This fall’s new ban on freshman rush has proven difficult to adjust to among fraternities, according to Greek leaders.

Greek organizations have had to adjust their rush plans in light of a policy announced last March that prohibits freshmen from joining fraternities and sororities during first semester. While some fraternities — the only Greek organizations that typically hold fall rush — are considering cancelling their rush periods altogether, most are planning to induct a smaller rush group of sophomores and juniors to keep membership at a sustainable level.

Fraternity leaders said the specifics of the new policy are still unclear, and that they are waiting to see how the regulation will be implemented during its initial year before making final decisions about how to hold rush.
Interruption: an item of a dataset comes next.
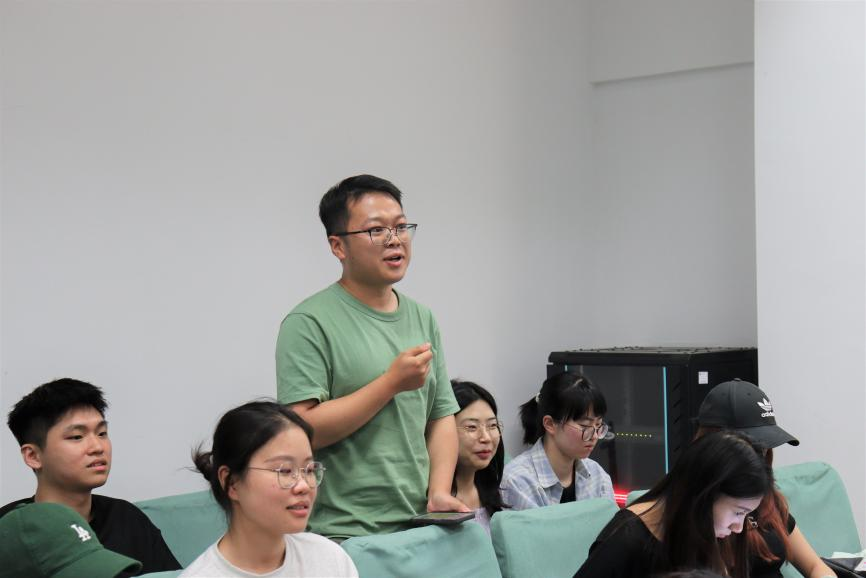 中国·永利集团(304am-VIP认证)官网-Official Platform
“It’s not clear, I think everybody’s playing it by ear a little bit and everybody’s making certain assumptions and we’ll see whether or not they prove to be valid,” said Daniel Tay ’14, president of the Alpha Epsilon Pi fraternity.

According to the Undergraduate Regulations, all fraternities and sororities holding rush events must submit a “rush plan” to the Yale College Dean’s Office. Out of five Yale fraternities interviewed, only AEPi has submitted a rush plan.
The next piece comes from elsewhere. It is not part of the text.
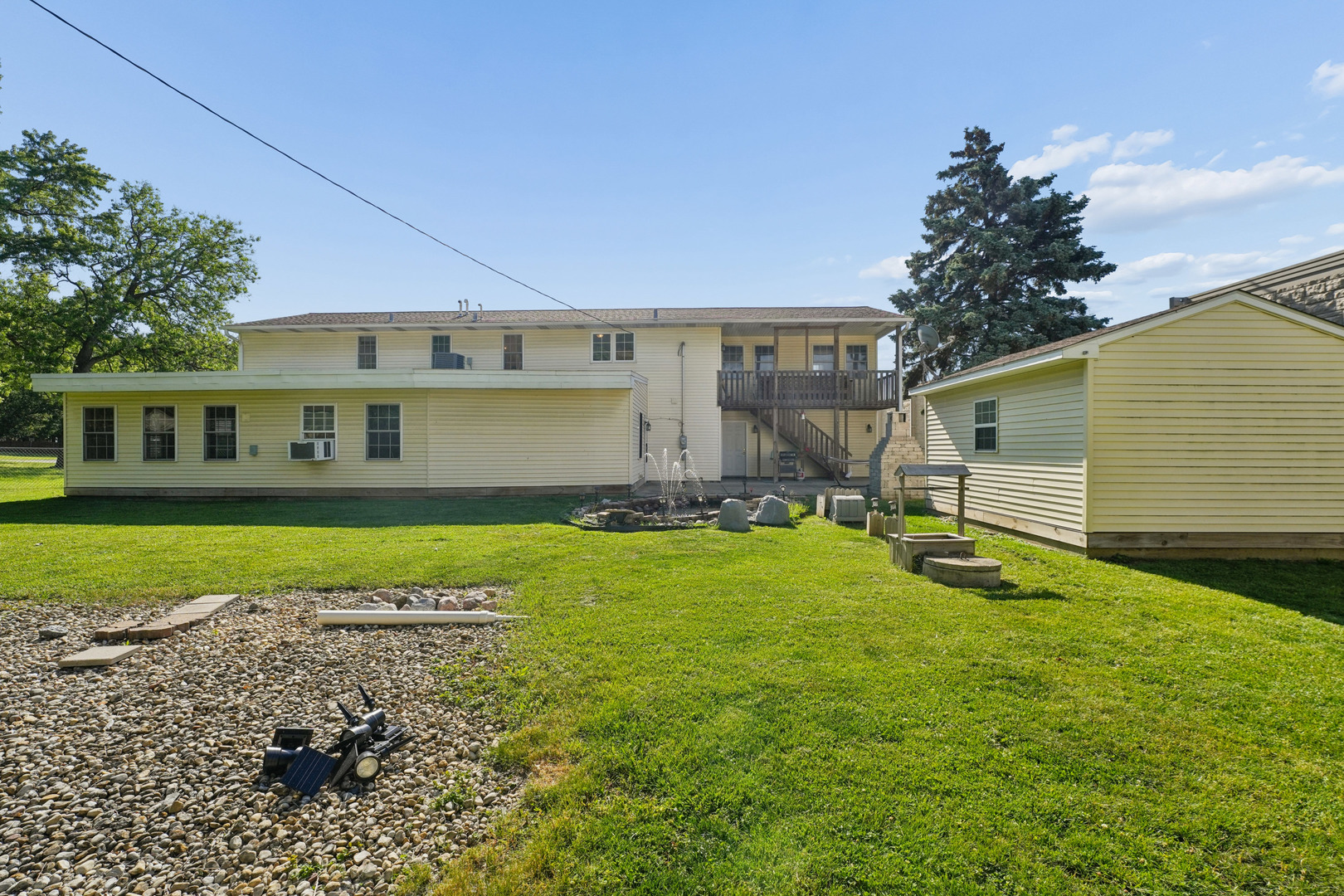 7334 Maridon Road Countryside, IL 60525 - Photo 23 of 25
John Meeske, associate dean of student organizations and physical resources, did not respond to requests for comment about how many Greek organizations had filed rush plans with the Dean’s Office, or whether that part of the new policy would be enforced. He said earlier that administrators have no plans to meet with Greek organizations to discuss further implementation of and adjustment to the fall rush ban. Last spring, Meeske and other administrators, including Dean of Student Affairs Marichal Gentry, met with Greek leaders on a weekly basis to develop the specifics of the fall rush ban.

Zeta Psi fraternity president Cameron Sandquist ’14, Sigma Nu fraternity president Tommy Racheford ’14 and Alpha Delta Pi fraternity president Cooper Godfrey ’14 said their fraternities have had difficulty adjusting to the new policy because they are composed almost entirely of varsity athletes, whose schedules they must accommodate.
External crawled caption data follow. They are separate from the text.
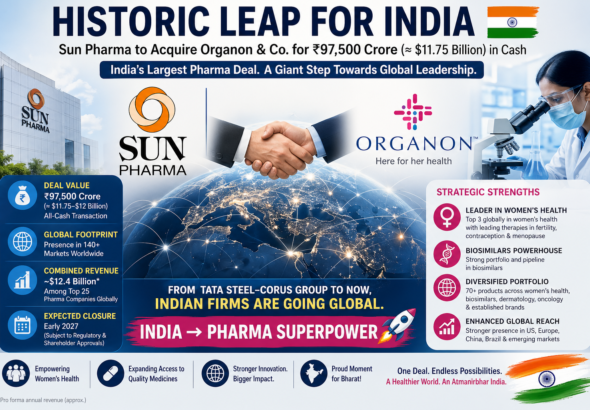 file_00000000a968720b8f7c2922a4b879c67244266265052790417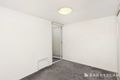 Property photo of 109/55 Hopkins Street Footscray VIC 3011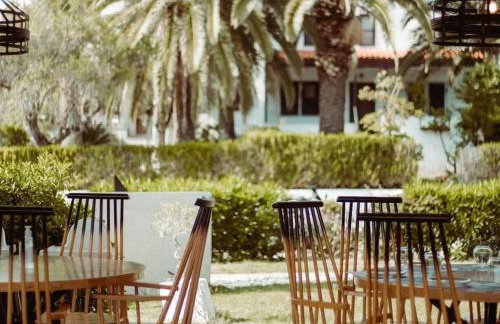 Trikorfo Bungalows - Foto 60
Sandquist said his fraternity is “still trying to find out the rules” and has not yet found a solution to the fall rush ban. He suspects that Zeta will only hold one rush period in the spring and cancel it this fall.

ADPhi is in a similar situation. With roughly 70 percent of its membership coming from the varsity lacrosse team, the fraternity is almost entirely restricted from holding a spring rush, when lacrosse is in season. Godfrey said fraternity members are considering cancelling rush this year altogether, and limiting rush to sophomores in the 2013-’14 academic year. But he added that fraternity leaders are also considering allowing sophomores to rush this fall because of financial constraints.

“The house doesn’t run if you don’t have a certain number of people contributing to the budget,” Godfrey said. “And we want to contribute to having a presence on campus, and you do that by going out and seeking new members and meeting kids you can bond with.”

Billy Fowkes ’14, president of the Sigma Alpha Epsilon fraternity, said his fraternity is holding similar rush events as it has in past years, but making sure that freshmen do not attend.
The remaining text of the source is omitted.